Paul Manafort’s attorneys have been arguing in court that in prosecuting Manafort, Special Counsel Robert Mueller has exceeded his authority. The idea that Mueller was in the weeds is completely belied by the letter that Mueller’s team produced, showing the Deputy Attorney General Rod Rosenstein had specifically authorized Mueller to investigate the areas for which Manfort is being prosecuted. But as Manafort’s legal team has continued in their attempts to find some way to invalidate the charges—other than demonstrating Manafort’s innocence, which seems patently impossible—it has spurred additional information from the DOJ on just why Mueller was looking at Manafort.
Special Counsel Robert Mueller’s interest in former Trump campaign chairman Paul Manafort stemmed in part from his suspected role as a “back channel” between the campaign and Russians intent on meddling in the election, a Justice Department lawyer told a judge.
Previously, all the dots were in place. Manafort had connections to Russian oligarch Oleg Deripaska. He had contact with Deripaska during the campaign, as well as contact with convicted attorney Alex van Der Zwaan, who is not only the son-in-law of a prominent Russian banker, but also a link to “Person A,” who has been identified as GRU agent Konstantin Kilimnik.
But in fighting against special counsel’s right to bring these indictments, rather than the indictments themselves, what Manafort’s team is forcing the DOJ to do, is to draw the lines between those dots. Robert Mueller was looking at Paul Manafort because he suspected that Manafort was one of, if not the primary, go between for conspiracy between Donald Trump’s presidential campaign and officials of the Russian government.
Which means that Manafort’s charges are not just related to Mueller’s investigation. They’re the primary reason there was an investigation in the first place. What Paul Manafort did, is exactly what the FBI set out to find when they started looking at the Trump campaign.
Previously, the special counsel had clarified that Paul Manafort’s connections to Russia weren’t just historical, but active during the Trump campaign.
During Kilimnik’s time working for Manafort in Kiev, he had served as a liaison for Manafort to the Russian aluminum magnate Oleg Deripaska, with whom Manafort had done business. Emails previously described to The Post show that Manafort asked Kilimnik during the campaign to offer Deripaska “private briefings” about Trump’s effort.
According to the filings, “Person A,” who is assumed to be Kilimnik, had multiple communications with Manafort and his partner Rick Gates during the campaign. These communications were not about events in Ukraine several years ago. They were about what Manafort was doing at the time. They were about the Trump campaign.
Manafort’s role in the campaign wasn’t as coffee boy, and he wasn’t a distant adviser that Trump can easily disown. Paul Manafort was Donald Trump’s campaign manager for a critical part of the campaign.
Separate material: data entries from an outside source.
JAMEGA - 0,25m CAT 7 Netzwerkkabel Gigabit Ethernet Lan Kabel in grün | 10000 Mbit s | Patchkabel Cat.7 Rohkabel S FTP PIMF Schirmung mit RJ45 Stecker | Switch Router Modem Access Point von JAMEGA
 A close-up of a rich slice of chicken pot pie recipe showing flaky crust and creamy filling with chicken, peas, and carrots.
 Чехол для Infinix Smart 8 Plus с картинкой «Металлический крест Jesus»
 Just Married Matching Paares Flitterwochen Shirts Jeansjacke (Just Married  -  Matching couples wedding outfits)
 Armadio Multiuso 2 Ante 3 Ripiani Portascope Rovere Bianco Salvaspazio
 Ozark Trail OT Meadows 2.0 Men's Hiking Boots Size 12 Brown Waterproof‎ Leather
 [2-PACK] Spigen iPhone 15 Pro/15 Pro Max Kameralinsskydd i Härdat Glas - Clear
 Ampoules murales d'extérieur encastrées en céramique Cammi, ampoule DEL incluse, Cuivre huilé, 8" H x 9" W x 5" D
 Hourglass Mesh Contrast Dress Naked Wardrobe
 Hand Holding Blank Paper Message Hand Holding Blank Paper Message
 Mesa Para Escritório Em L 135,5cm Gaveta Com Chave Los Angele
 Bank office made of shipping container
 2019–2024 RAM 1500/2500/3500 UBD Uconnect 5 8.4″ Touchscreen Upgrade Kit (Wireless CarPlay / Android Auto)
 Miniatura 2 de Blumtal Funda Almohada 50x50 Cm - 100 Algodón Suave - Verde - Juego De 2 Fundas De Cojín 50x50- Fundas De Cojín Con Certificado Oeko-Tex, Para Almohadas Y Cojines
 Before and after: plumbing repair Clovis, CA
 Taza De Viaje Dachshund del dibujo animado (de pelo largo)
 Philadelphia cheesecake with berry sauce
He was actively exchanging information with Russian officials — at a time in the campaign where Russians both contacted Donald Trump Jr about sharing information, informed George Papadopoulos that they were in possession of Democratic emails, and set up Wikileaks to disseminate stolen information.
Manafort wasn’t just well-placed to act as a link between Trump and Russia, it’s clear that he was playing that role. What’s in question now is just how much information Manafort exchanged, and who else was involved.